ABOUT THIS EXERCISE> For the data that follows, print the line with "Cover: Global University", the line with "Vincent Wechselberger - Dreams", and all lines between them, exactly as they stand. Omit pictures and add nothing.
--- SUPPLIED INFORMATION ---
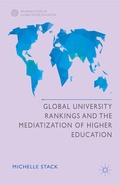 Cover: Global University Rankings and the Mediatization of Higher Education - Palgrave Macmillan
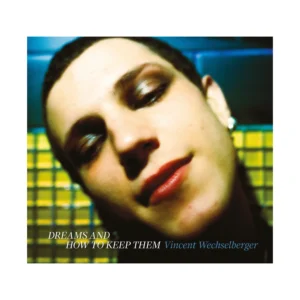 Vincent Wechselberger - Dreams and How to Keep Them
---
--- SUPPLIED INFORMATION ---
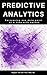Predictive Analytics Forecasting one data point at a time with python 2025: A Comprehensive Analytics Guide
---
--- SUPPLIED INFORMATION ---
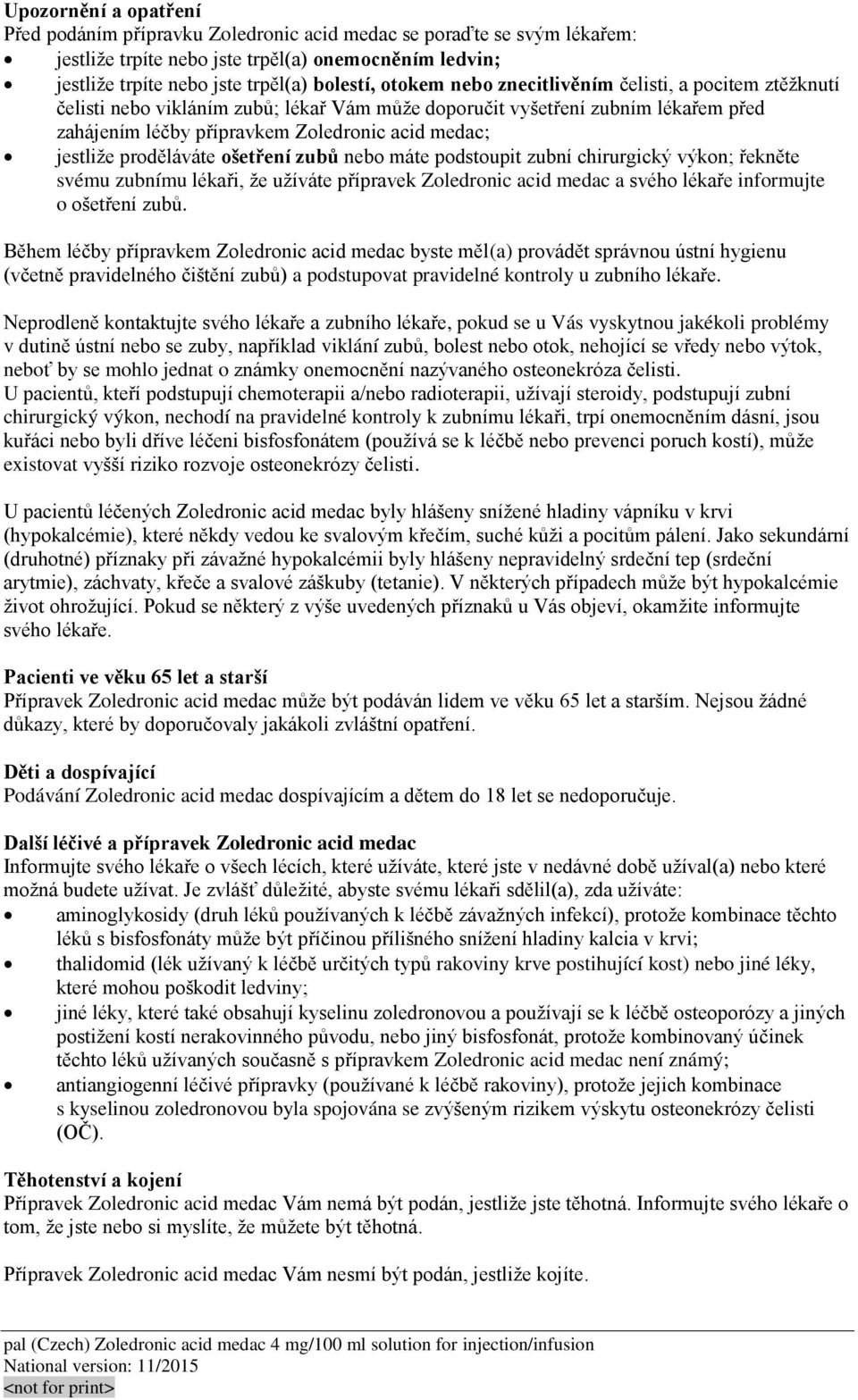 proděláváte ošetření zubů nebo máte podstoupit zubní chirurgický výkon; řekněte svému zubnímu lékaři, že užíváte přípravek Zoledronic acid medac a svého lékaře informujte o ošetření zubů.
---
REPLY TO THE TASK>
 Cover: Global University Rankings and the Mediatization of Higher Education - Palgrave Macmillan
 Vincent Wechselberger - Dreams and How to Keep Them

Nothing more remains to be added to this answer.